VIDÉOS – Le primat des Gaules a annoncé sa démission lors d’une courte allocution à Lyon ce jeudi à 13 heures. Il a été reconnu coupable de non-dénonciation d’abus sexuel dans son diocèse et condamné à six mois de prison avec sursis un peu plus tôt dans la matinée. Ses avocats ont déjà annoncé leur intention de faire appel.
Séisme dans l’Église de France. Le cardinal Barbarin a annoncé sa démission ce jeudi à 13 heures lors d’une déclaration. «J’ai décidé d’aller voir le Saint-Père pour lui remettre ma démission», a annoncé le prélat depuis la maison diocésaine de Lyon. Cette annonce intervient quelques heures après sa condamnation à six mois de prison avec sursis pour ne pas avoir dénoncé les agressions pédophiles dans son diocèse. En avril 2016, aux débuts de l’affaire, l’archevêque avait déjà proposé sa démission mais celle-ci avait été refusée par le Pape.

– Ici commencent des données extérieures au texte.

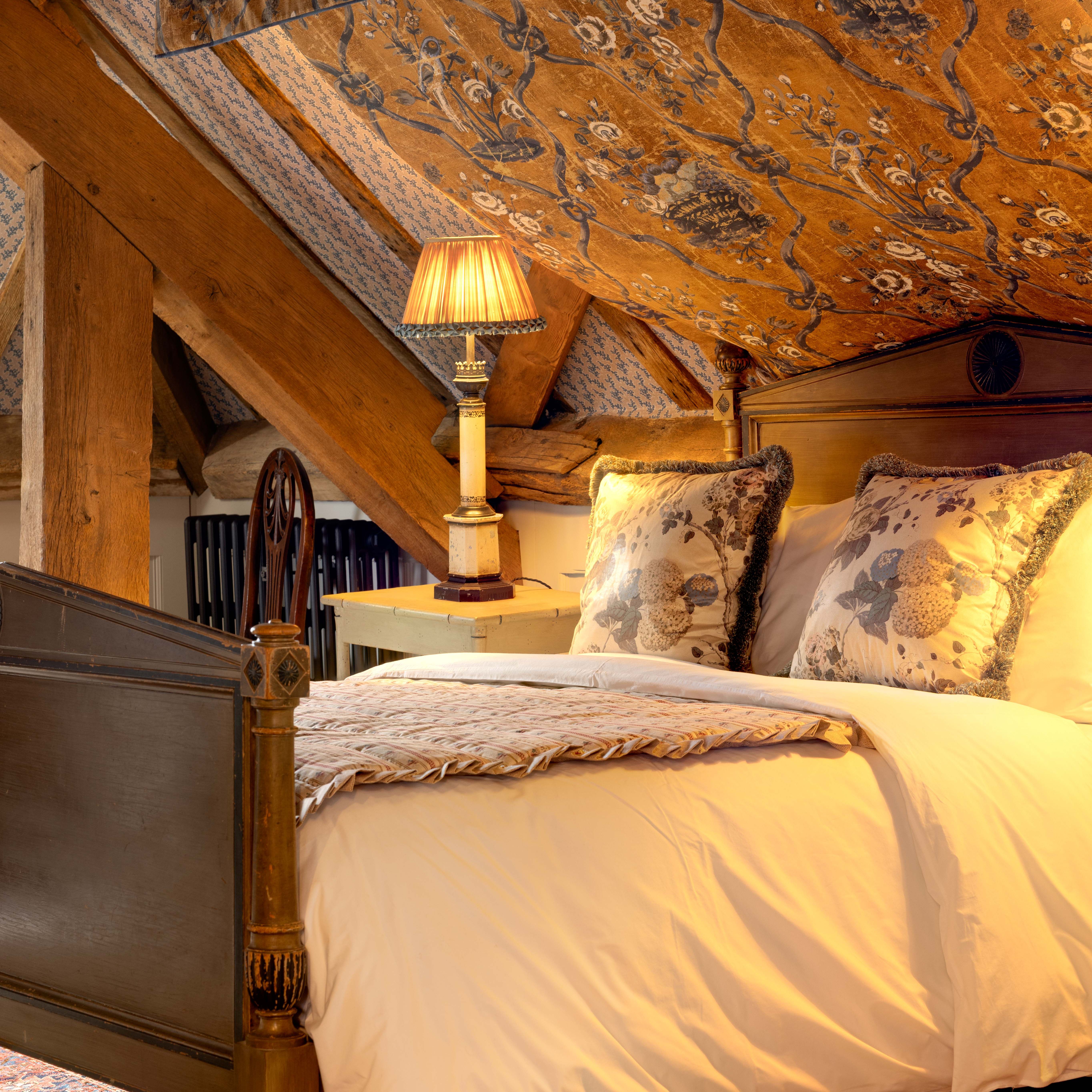 Cozy attic bedroom with a wooden Captains bed, floral pillows, and a vintage lamp under a sloped, patterned ceiling.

Absent lors du jugement, le cardinal Barbarin a été «déclaré coupable de non-dénonciation de mauvais traitements envers un mineur entre 2014 et 2015», selon les mots de la présidente du tribunal correctionnel de Lyon, Brigitte Verney. L’archevêque de Lyon continue de clamer son innocence, et ses avocats ont d’ores et déjà annoncé leur volonté de faire appel. C’est la troisième fois qu’un évêque est condamné en France pour des faits similaires, après deux autres cas en 2001 et en 2018. Les faits concernent les agressions supposées du père Preynat – il n’a pas encore été jugé – à l’encontre de jeunes scouts dans les années 1980 et 1990. «Je prends acte de la décision du tribunal. Indépendamment de mon sort personnel, je tiens à redire toute ma compassion pour les victimes», a déclaré Mgr Barbarin.
Le jugement pointe la responsabilité du cardinal et ses mauvaises décisions. «Philippe Barbarin a fait le choix en conscience, pour préserver l’institution à laquelle il appartient, de ne pas les transmettre à la justice. […] En voulant éviter le scandale, causé par les faits d’abus sexuels multiples commis par un prêtre, mais sans doute aussi par la mise à jour de décisions bien peu adéquates prises par les évêques qui le précédaient, Philippe Barbarin a préféré prendre le risque d’empêcher la découverte de très nombreuses victimes d’abus sexuels par la justice, et d’interdire l’expression de leur douleur.»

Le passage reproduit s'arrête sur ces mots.